Then why is this an answer to the question? The question was give a normal which ideally is continued fraction normal or, at minimum, has the same value of this growth statistic. –  David Speyer Feb 15 '11 at 16:43
    
My mistake, question remains open. –  Stanley Yao Xiao Feb 15 '11 at 16:53
    
Ah, I see. The AKS paper does answer the question, and they make an analogy between the number they construct and the Champernowne number. However, their number is NOT the Champernowne number and the notion of base b normality doesn't actually show up in their proof. Link to the paper: ams.org/mathscinet-getitem?mr=602450 –  David Speyer Feb 15 '11 at 18:10

Here is a sort-of-but-not-really explicit answer, following up on Helge's idea. Set $h = e^{\pi^2/(12 \log 2)}$. Recursive define the $b_i$ and $q_i$ as follows: $q_{-2} =1$, $q_{-1}=0$ and $q_i = b_i q_{i-1} + q_{i-2}$. If $q_{i}^{1/i} > h$, then $b_{i+1} = 2$, otherwise, $b_{i+1}=4$. This is clearly a well defined recursion; you can decide whether or not you think the result of this process is explicit.
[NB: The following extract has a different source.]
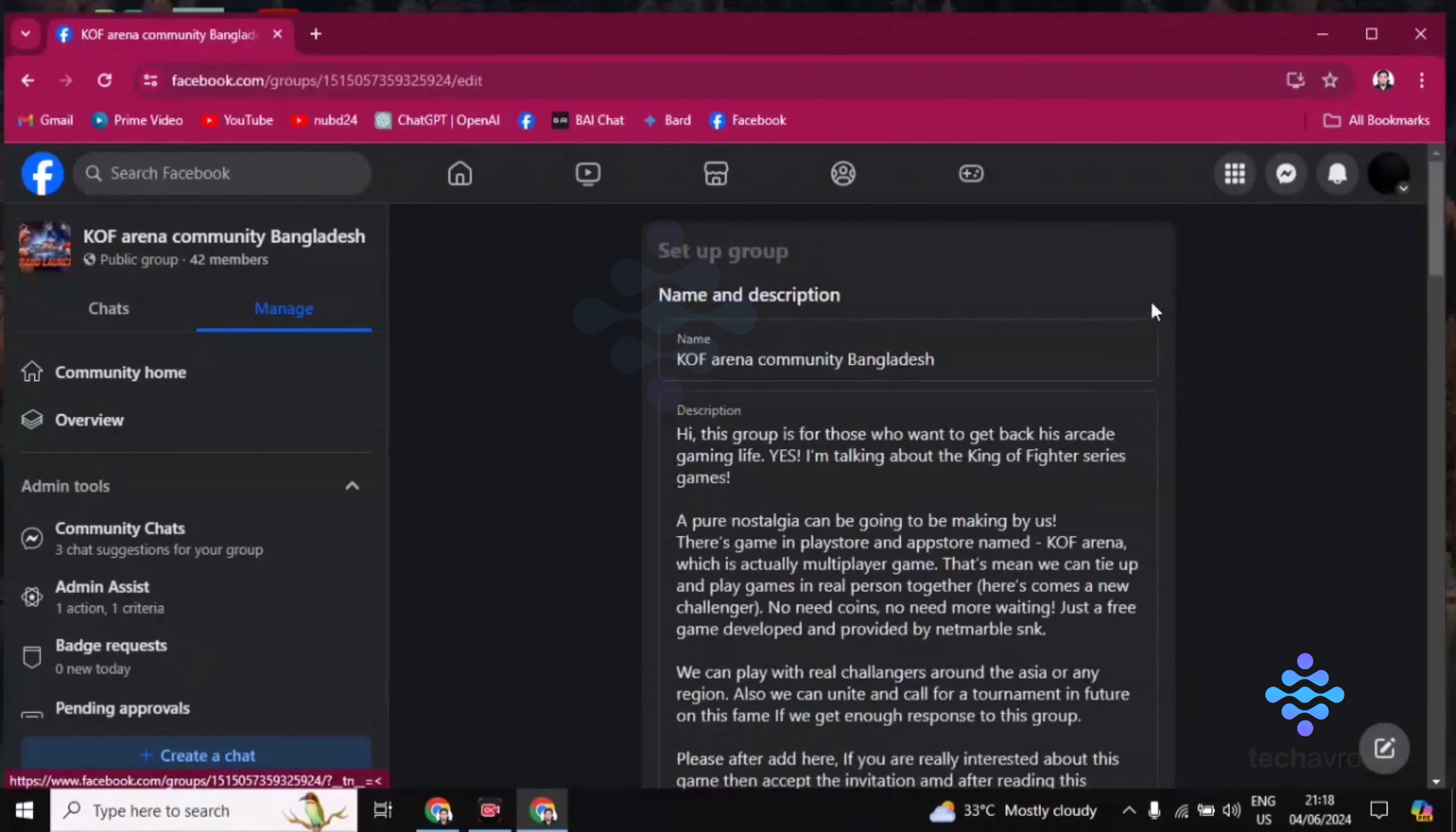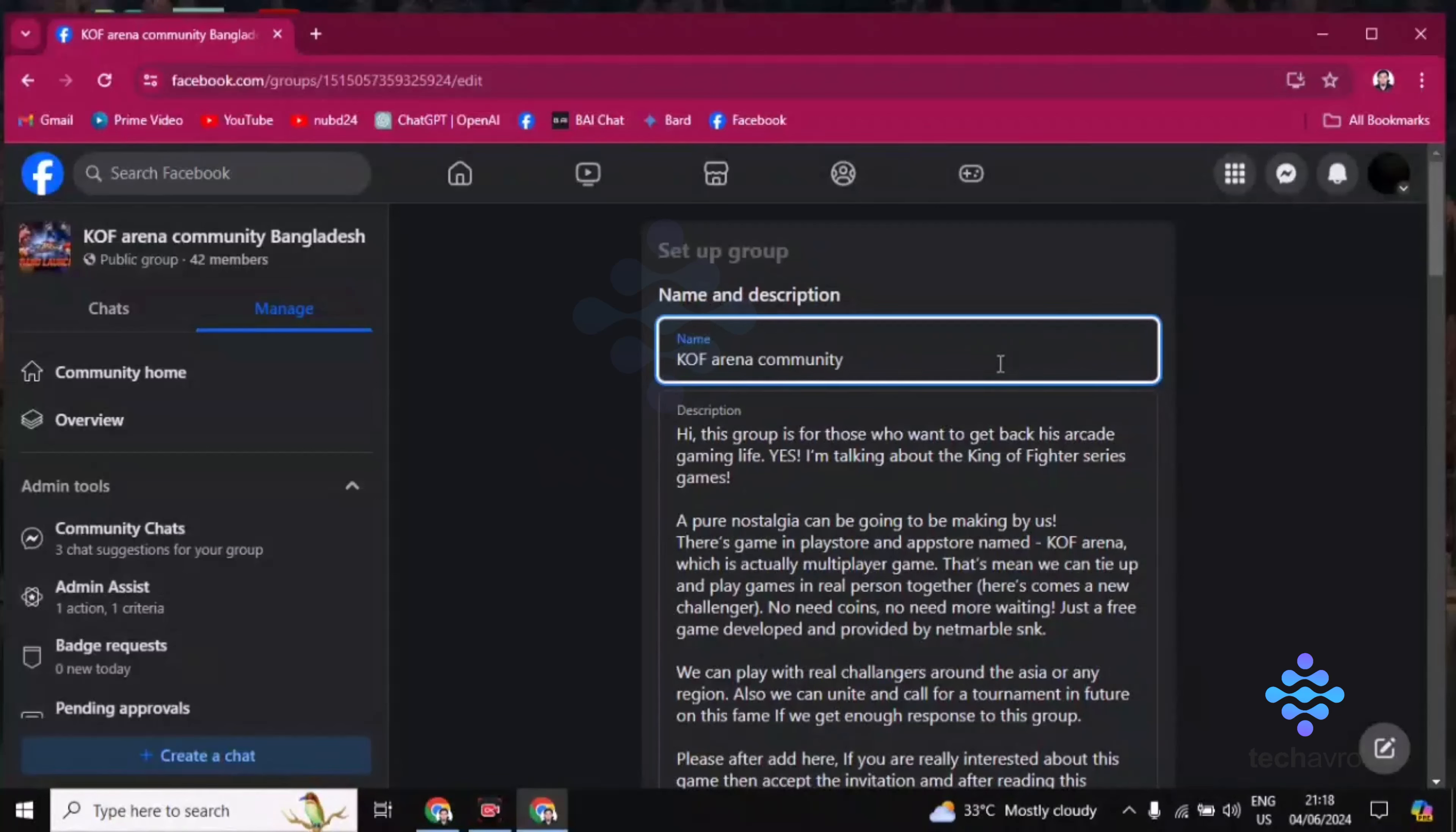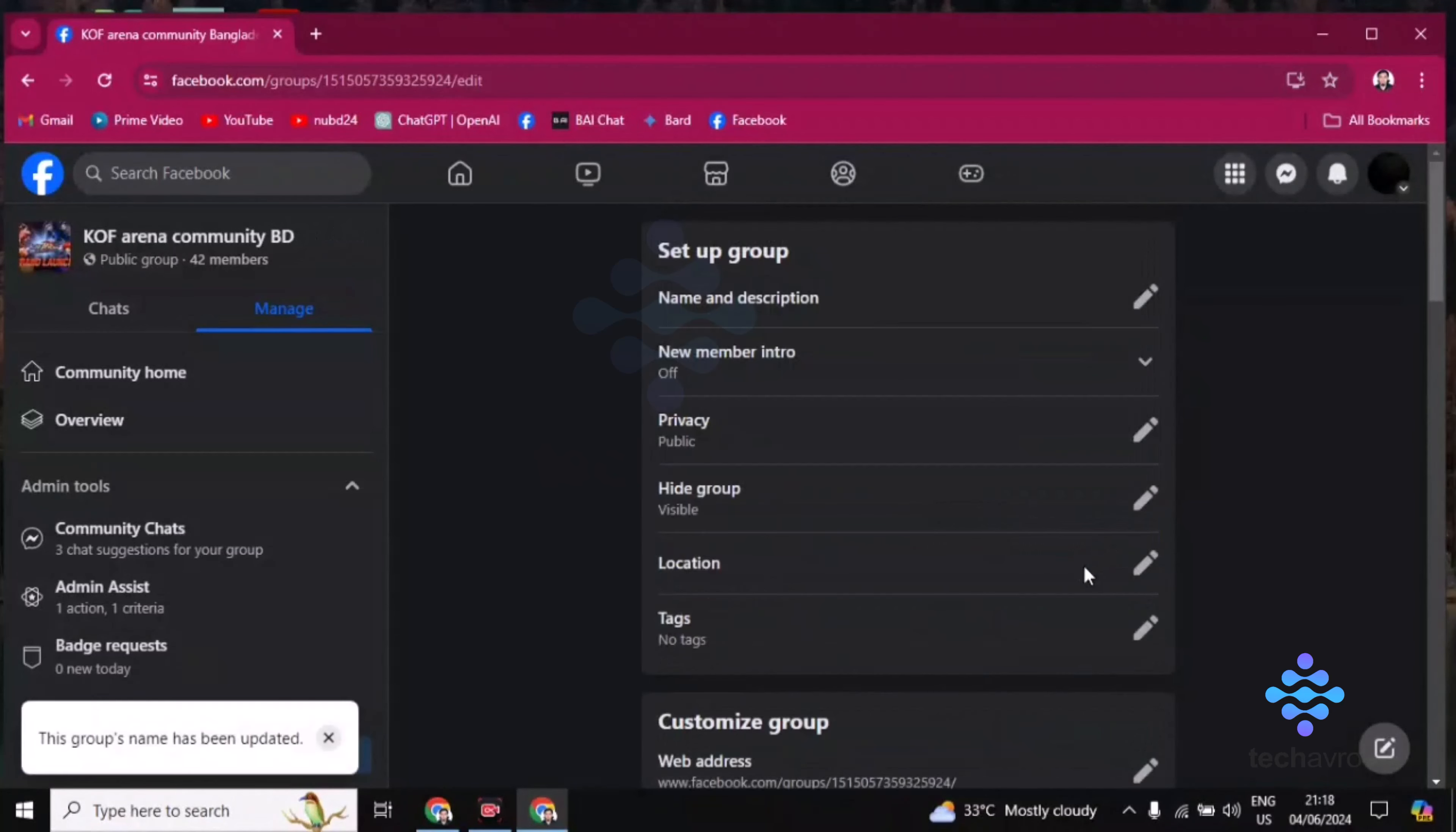And you can change your name from here. Just click on save and your name will be changed.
Lets first study, in general, the situation where every $b_i$ is either $2$ or $4$. Write $r_i = q_i/q_{i-1}$. Then $r_i = b_i + r_{i-1}^{-1}$ so $b_i < r_i < b_i + 1$. Note that $3 < h \approx 3.28 < 4$.

So, our algorithm has the property that, if $q_i^{1/i} < h$, then $r_{i+1}>h$ and vice versa.

Set $s_n = \log q_n = \sum_{i=0}^{n-1} \log r_i$. So, if $s_n < (\log h) n$, then $s_{n+1} = s_n + \log r_i \in [s_n+\log 4, s_n + \log 5]$ and we see that $s_{n+1} - (\log h) (n+1) \in $[(s_n - (\log h) n) + \log 4 - \log h, (s_n - (\log h) n) + \log 5 - \log h]$. Writing $t_n = s_n - (\log h) n$, we see that

If $t_n <0$, then $t_{n+1} \in [t_n + (\log 4 - \log h), t_n + (\log 5 - \log h)]$.

Similarly,

If $t_n > 0$, then $t_{n+1} \in [t_n + (\log 2 - \log h), t_n + (\log 3 - \log h)]$

In particular, once $t_n$ gets into the interval $[\log 2 - \log h, \log 5 - \log h]$, it stays there. I leave it to you to check that it gets there.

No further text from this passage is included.